Há uma discussão delicada e peço desculpa, por desviar do assunto principal, mas é interessante que Durkheim foi um dos primeiros sociólogos a estudar seriamente o fenômeno do suicídio. O fato é que ao longo da história houve centenas de pessoas inteligentes que puseram fim às suas vidas. Portugal relativamente tem dessas histórias: Antero de Quental, Camilo Castelo Branco, Mário de Sá Carneiro, Florbela Espanca.

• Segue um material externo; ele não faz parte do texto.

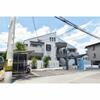 EST-1小野原 1階 築34年3ヶ月の賃貸物件
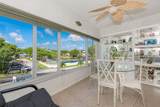 3990 42nd Ave - Photo 24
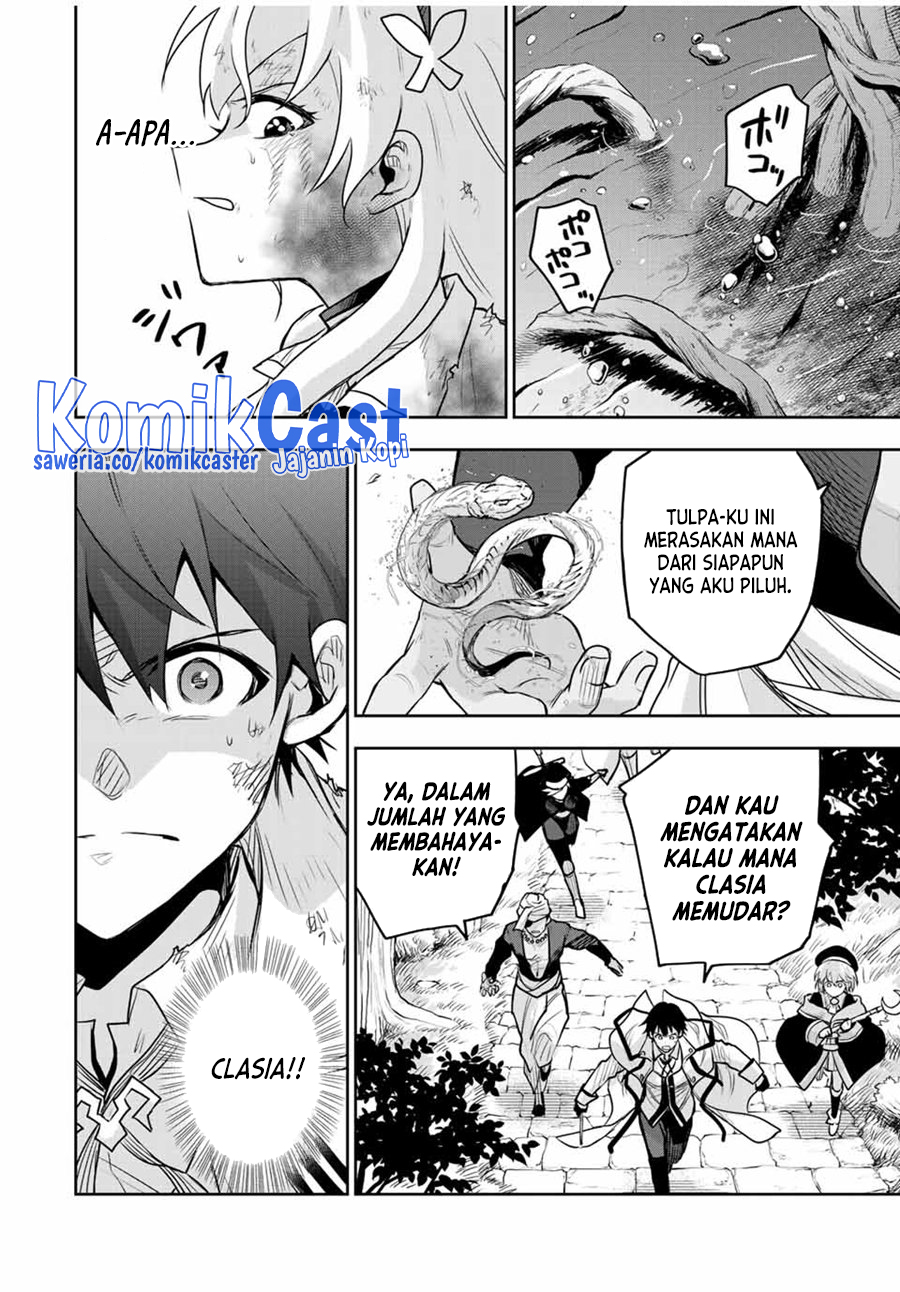 Chapter 133 - halaman 4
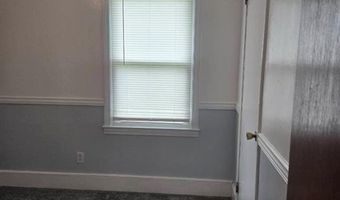 2657 Ararat Rd, Ararat, NC 27007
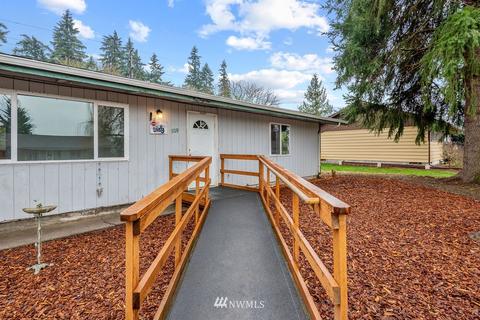 109 Alter St, Longview, WA 98632 photo 1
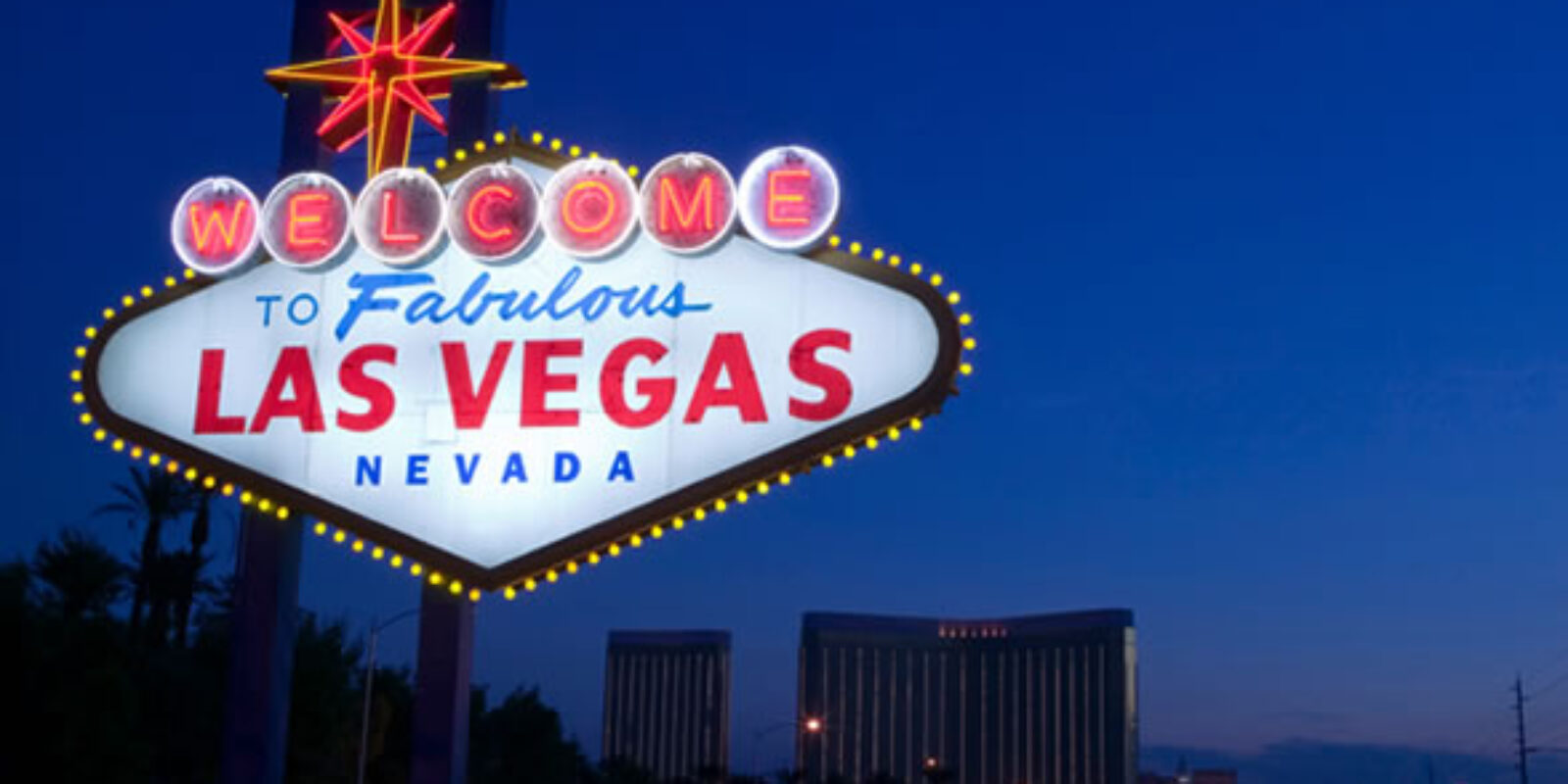 Las Vegas (articleimg)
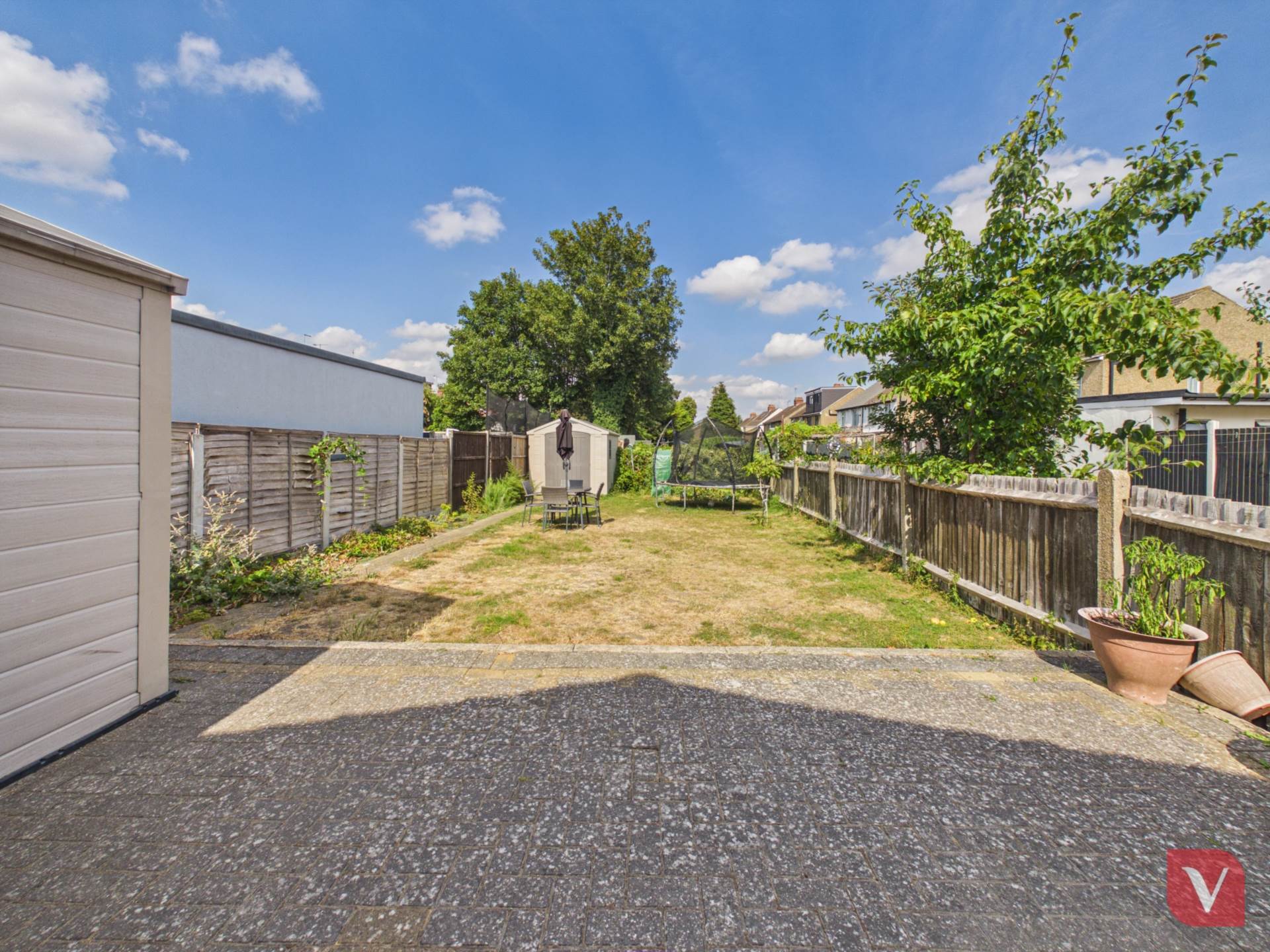 Austin Road, Luton, Image 9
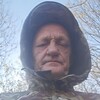  ,  , 52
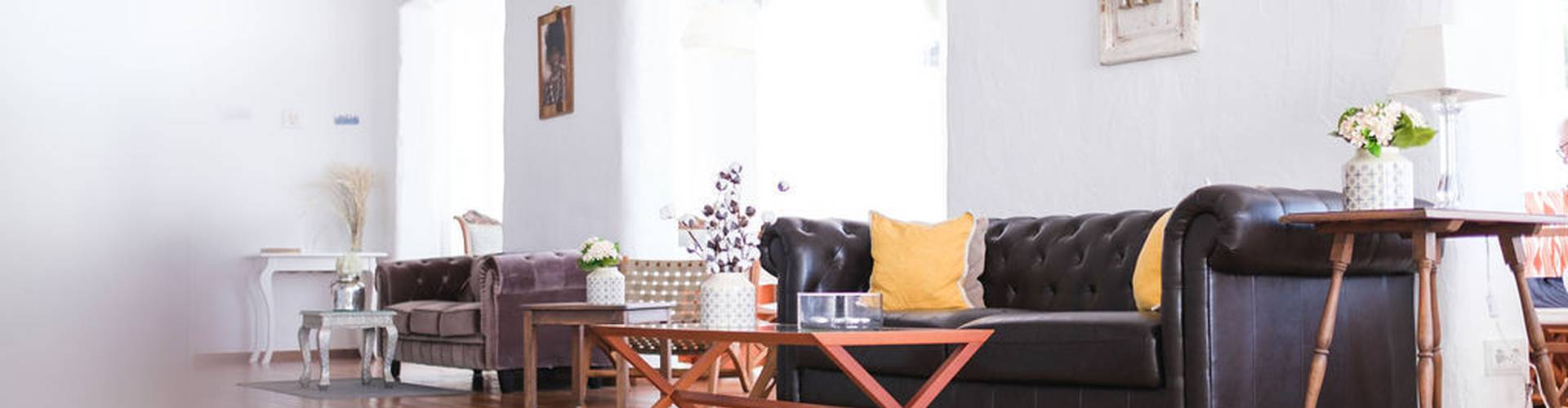 Baluma Porto Petro - Porto Petro - Servicios Hotel Baluma Porto Petro Baluma Porto Petro - Porto Petro - Servicios Hotel Baluma Porto Petro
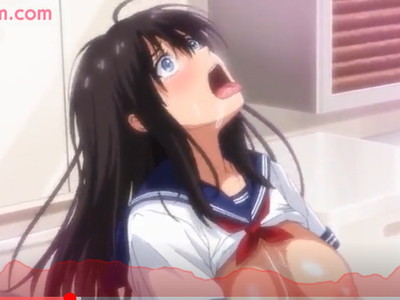 Thumbnail of post image 111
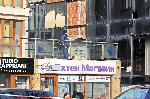 София - Убийство на Петър Христов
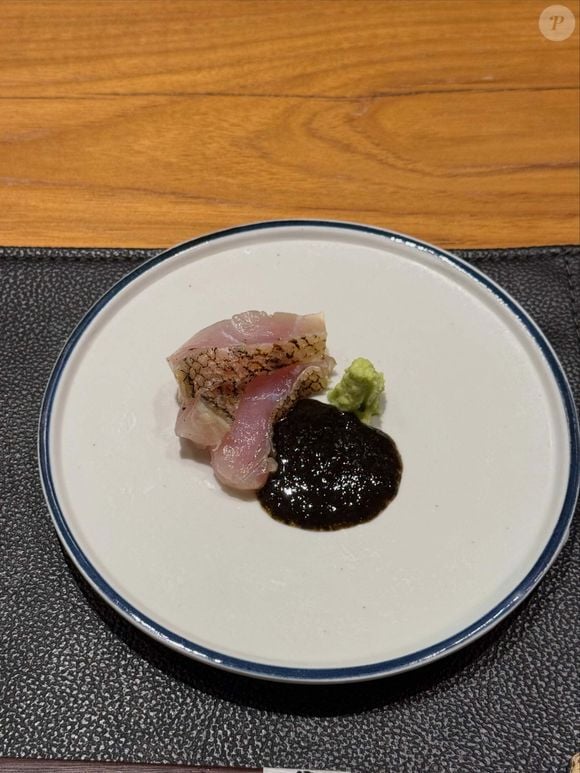 Reconhecido pelo Guia Michelin, o Makoto San aposta em um menu omakase, sem opções à la carte, e cobra R$ 1.000 por pessoa pela experiência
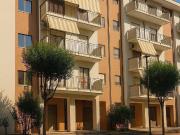 Appartamento in vendita a Baronissi SA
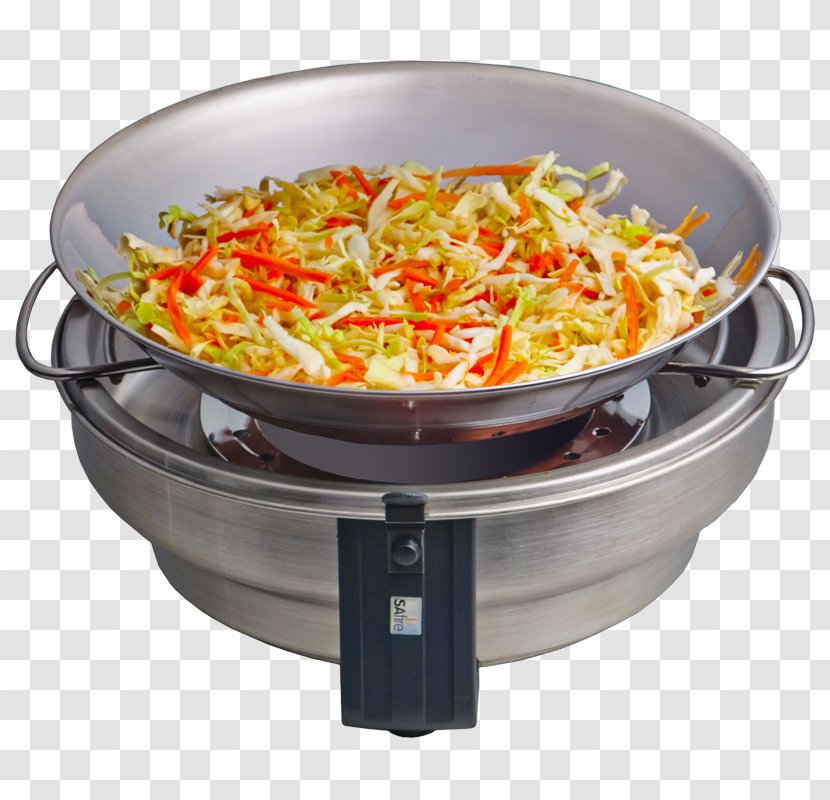 Barbecue Dish Frying Wok Roasting Transparent PNG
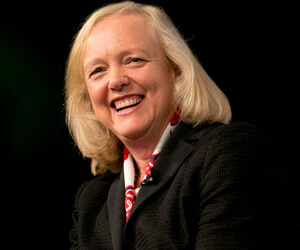Meg Whitman - images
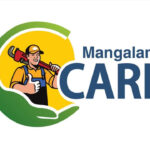 mangalam care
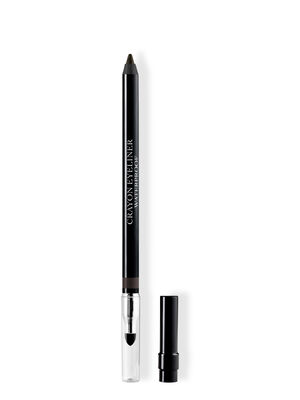 Eyeliner Waterproof Long-wear Pencil
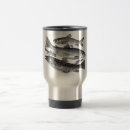 Search for printings beer glasses Vintage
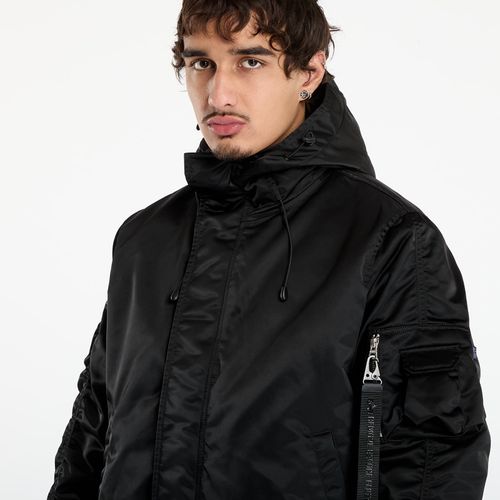 Giacca N-2B Base XXL - Alpha Industries - Modalova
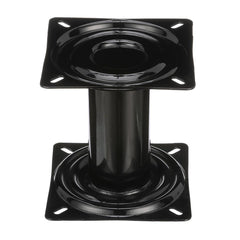 Attwood Economy Pedestal 4 90720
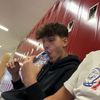 calheb_peanut552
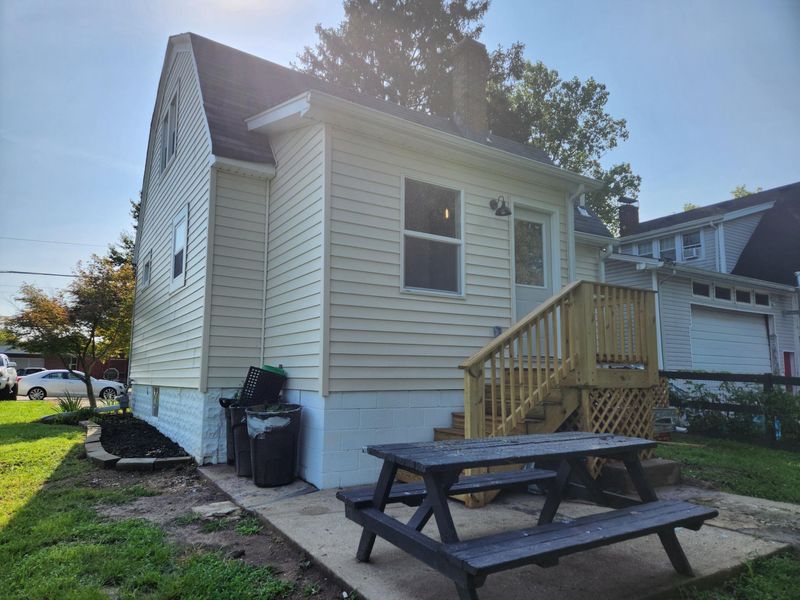 914 Central Row Road, Erlanger, KY 41018 Photo 18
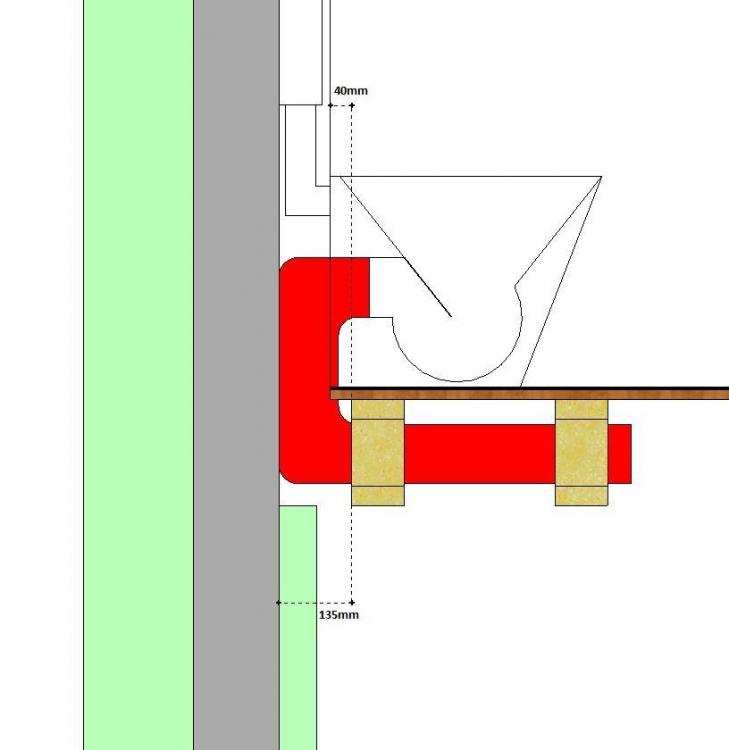 Slim cistern.JPG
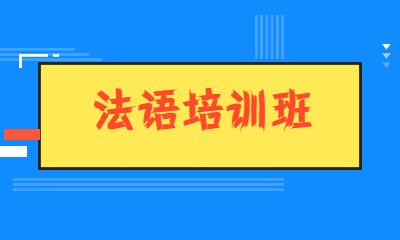 可按栏目接着查阅相关条目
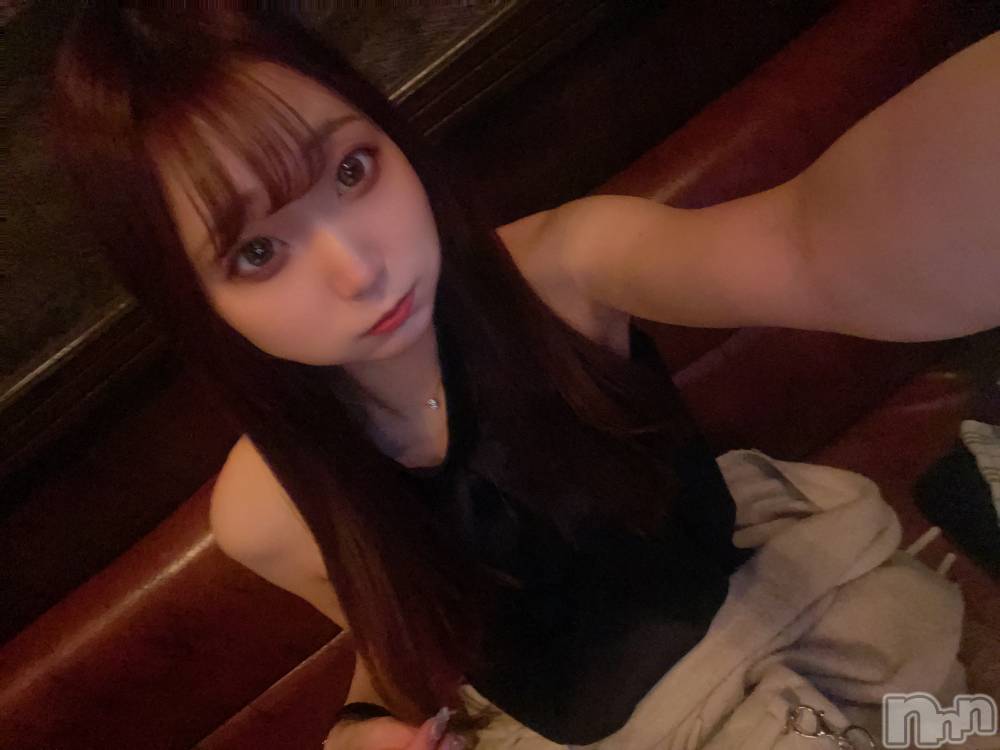 ��ȯ�ĥ���Х��顦�����double(���֥�) ������4��1���̥�֥����֤ס����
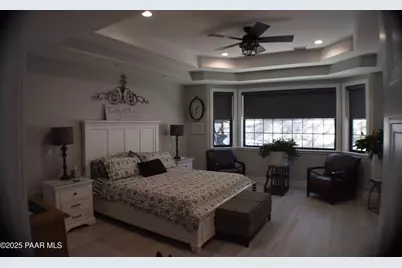 5067 E Big Bug Mesa Road, Prescott, AZ 86303 - Photo 37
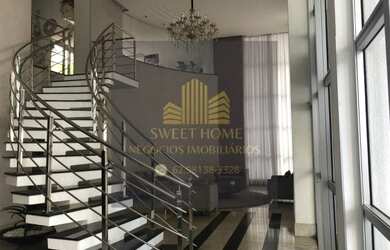 Imagem 2: PROMOÇÃO APARTAMENTO 3 SUITES COM 117 M² NA AV. T-4 ST BUENO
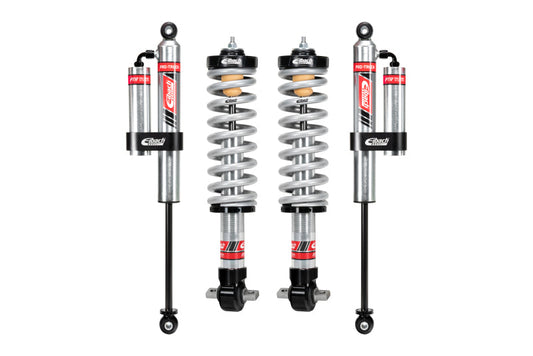 Eibach Pro-Truck Coilover Stage 2R 19-22 Ford Ranger 4WD - My Store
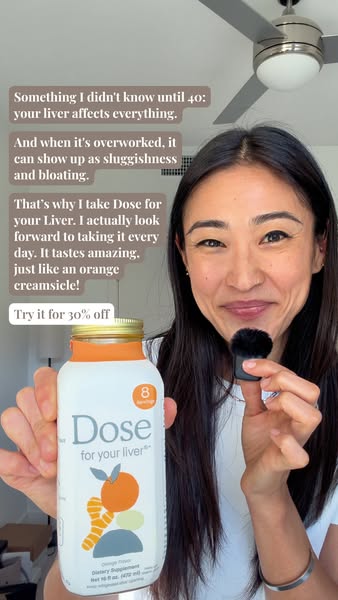 Janetdoubleu ad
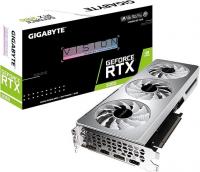 carte-graphique-gigabyte-geforce-rtx-3060-vision-oc-12g-lhr-gddr6-dual-hdmidual-displayport-pci-express-kouba-alger-algerie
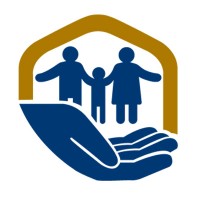 Capital Seguros y Fianzas logo - Similar company to Publigrafic International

E, fora: Ernest Hemingway, Kurt Cobain, Ian Curtis, Roland Barthes, Walter Benjamin, Mishima, Guy Debord, André Gorz, Cleópatra, Virgínia Woolf, Primo Levi, Stefan Sweig, Anna Karenina, Sylvia Plath, Gilles Deleuze, Guy de Maupassant, Vincent van Gogh , Holderlin... Mais de 700 casos sendo, seis prêmios Nobel, inúmeros prêmios Pulitzer. Quando o próprio Camilo Castelo Branco, disse "o suicídio não é uma coragem vulgar. Suicidam-se os que se desprezam a si e ao mundo”. E é de Sócrates a ética – Críton, devemos um galo a Asclépio, não esqueça de pagar esta dívida. E, porque é que se matam escritores, músicos e filósofos, artistas e pensadores, homens e mulheres de espantosa inteligência e formação?

Cláudia S. Tomazi disse...

Como responsável pelo questionamento, lanço a humilde visão, pelo que nada justifique o ato de tirar a própria vida.

Do controle, vazão.
No contrato, razão.
Ao conforto, perdão.

Dira necessitas – Necessidade funesta
Horácio (Quintos Horatius Flaccus)

Esta expressão foi usada por Horácio numa de suas Odes, na qual culpa os ricos, porque no cuidado com seus tesouros, quase se tornam prisioneiros deles. “Si figit adamantinos summis verticibus dira necessitas davos, non animum metu, nom mortes laqueis expedies caputi” ( Se fixares nos mais altos vértices a funesta necessidade com pregos de aço, não livrarás do medo teu espírito e tua cabeça dos laços da morte).